Standing principle: performance-first
Section titled “Standing principle: performance-first”Every architectural choice is aimed at making Limina blazingly fast. When quality or power competes with speed, the tradeoff is surfaced, weighed, decided deliberately, and the rationale recorded. Concretely: native hot paths (ECS iteration, physics, spatial queries) over JS; data-oriented SoA/TypedArray storage; zero-copy buffer bridging over serialization; JS is the scripting/agent/authoring layer, not the inner loop. Agent thinking always runs off the frame loop — a slow model never drops a frame.

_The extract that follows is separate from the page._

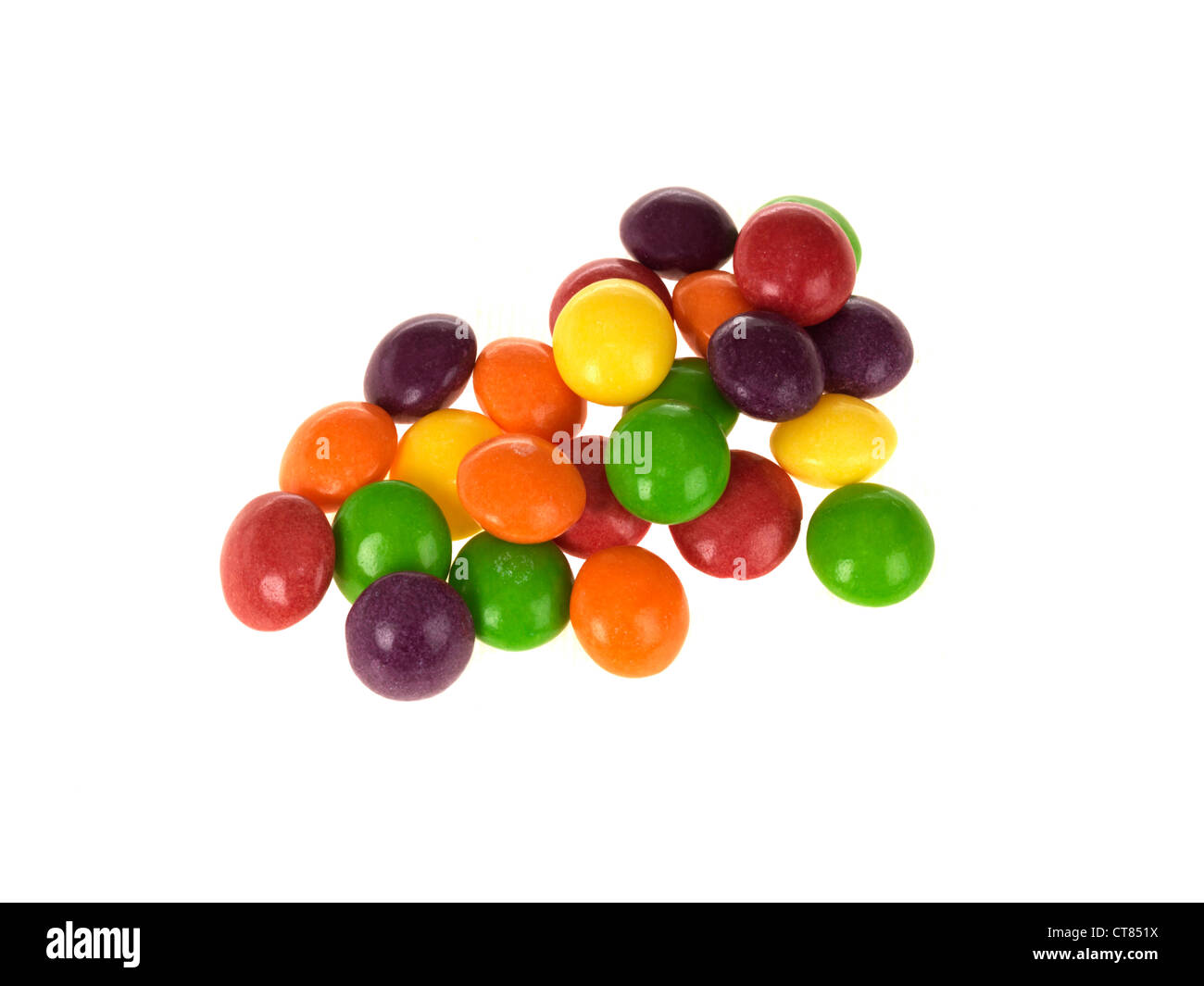 Früchte aromatisiert Süßigkeiten Stockfoto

Standing principle: the engine is the substrate, not the brain
Section titled “Standing principle: the engine is the substrate, not the brain”Limina owns the world (ECS, physics, render), perception, the skill/MCP surface, and a durable world event log. It does not own the agent’s brain or its memory. The decision provider is pluggable (LLMProvider: Scripted / Ollama / Gateway), and recall is part of the brain — fed by perception plus read access to the durable log, with any memory backend living as an external adapter behind the provider, never an engine runtime dependency. So: engine = world + perception + durable log; brain = decision + recall (pluggable); memory backend = external.
The numbers
Section titled “The numbers”| Metric | Result | Source |
|---|---|---|
| Density capstone | 200 agents + 256 dynamic bodies + 2000 entities @ sim-step p95 4 ms (≤ 8 ms budget), 60 steps/s over ≥300 ticks | Phase 3 |
| Render perf fix pass | 9.4 → 74 fps | Phase 3 |
| Native spatial parallelism | 4.5–5.4× over the JS oracle, ≤ 2 ms, byte-identical; MAX_ENTITIES raised to 16384 | Phase 3 |
| Authoritative multi-client sync | p95 11 ms | Phase 4 |
| Numbers-party flythrough | ~102 fps (~200 instanced agents) | Phase 5 |
Every density agent fully perceives → decides → acts, and every action is traced. The shipped headline: one native binary — Rust host → V8 (deno_core) → WebGPU (deno_webgpu + Three.js) → native Rapier → bitECS, on a fixed-timestep loop, with a typed/permissioned/versioned skill registry, an in-process + stdio/WebSocket MCP surface, and sha256-chained EventLoom-shaped JSONL traces.